Tue, 21 May 1996

Beauty contest

Only eight days after this nation ended a week of national mourning, a fuss started brewing over the issue of Indonesia's participation in an international beauty pageant.

Besides the already well-known objections on the part of Indonesian women's groups, the timing is indeed unfortunate.

The objections to beauty contests are usually that they are degrading for ladies, are a veiled sex exploitation and are like cattle auctions. Besides, it is not true that participation in beauty contests help boost tourism. The comparison to bovine muscularity, however, is certainly uncalled for, if not outrageous. Indeed, imagination has no limits, but one must use it in discriminating ways.

An old friend of mine whispered to me that in his personal view, a bikini is like barbed wire: it protects without spoiling the view (beautiful view, he added).

Beauty contests seem to corroborate Oscar Wilde's observation on woman that ladies are to be admired not analyzed. But men should beware. For a man's admiration of beauty could be his downfall.

Do beauty contests help boost tourism? Spain and Italy, to take two countries as examples, annually attract tens of millions of tourists, contests or no contests. Besides, the notion could be interpreted as a slur, if you have fleshpots in mind.

There is also an element of unfairness in beauty contests. In rich western countries, beauty comes more naturally than in countries with low GNPs per capita. Girls with tall statures and Cleopatra noses, for instance, are not an uncommon sight in the former. In Indonesia, they are an exception.

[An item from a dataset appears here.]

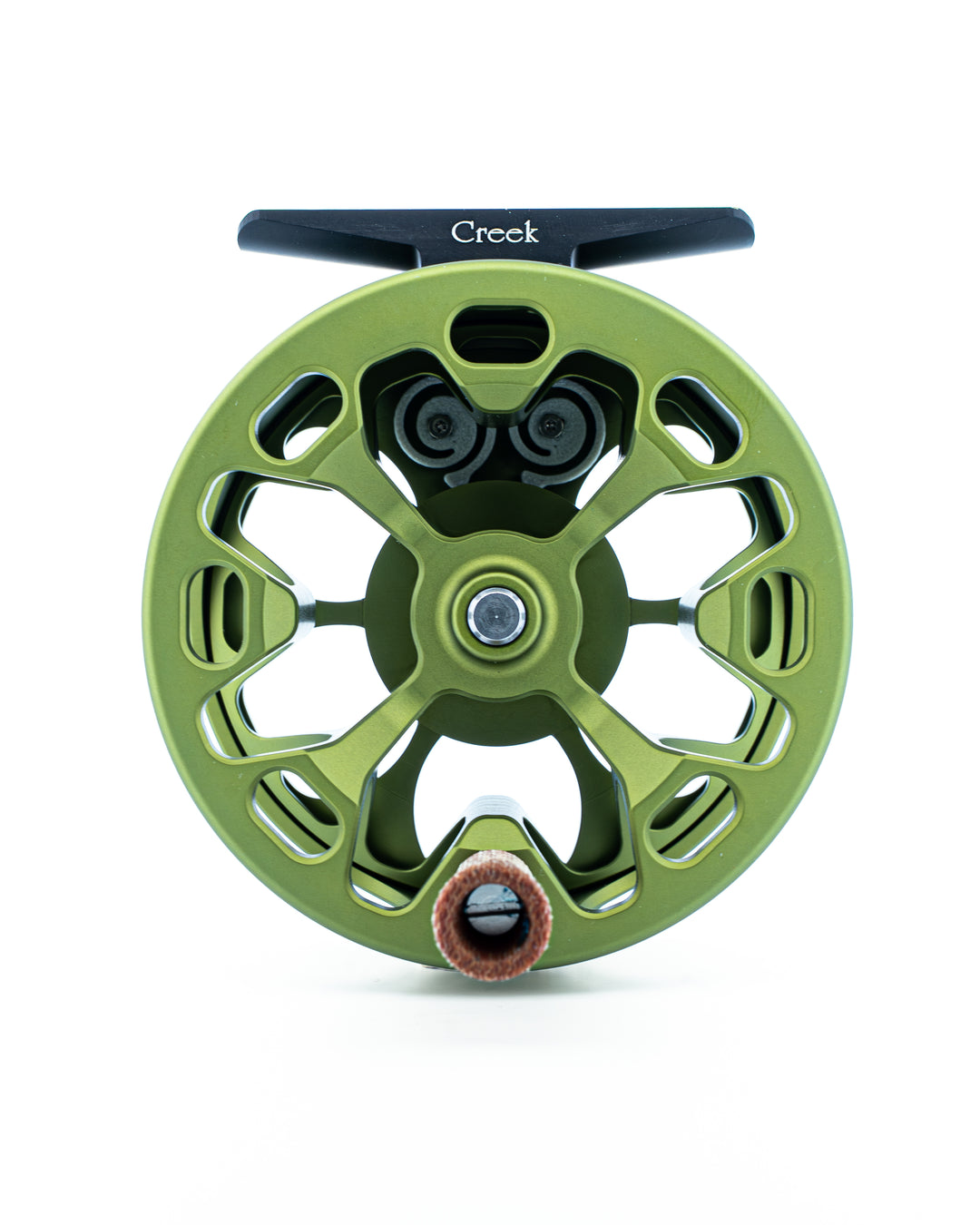 Ross Reels Cimarron Creek Reel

Whether a beauty contest is an exercise in inanity or vanity, many young and ambitious girls find it both alluring and challenging. For a young lady to be selected to run for a beauty contest is a great achievement, made possible only by years of training and conscientious care.

Those who see no particular danger in beauty contests would maintain that women more than men need recognition in aesthetical achievement, called beauty. In sports, records are measured by instruments. In beauty contests, tastes still play an important role, despite an agreed criteria. Is this the thing which makes beauty contests exciting?

Why have men preferred to keep silent on this matter? Maybe because beauty contests are the ladies' sacrosanct domain? Why the strong objections on the part of Indonesian ladies? Beauty contests are certainly only good for the girl concerned, her chaperon, and the sponsors. Her country gains nothing.

The main reason for the strong opposition to the beauty pageant business seems to be that in such international events, beauty could easily slide into vulgar sensuality. Showing beauty can certainly be done in many other more decent ways.

For future contests, sponsors would be well advised to propose to the organizing committees concerned that contestants should participate in their own names, and not on the names of their countries.

The names of participants' countries should not be printed on the sashes. Only during the introduction or presentation would the master of ceremony mention the countries from which contestants come.

Well, it would be wise to hear what Victor Hugo says in Les Miserables: Le beau est aussi utile que l'utile. Plus, peut-etre.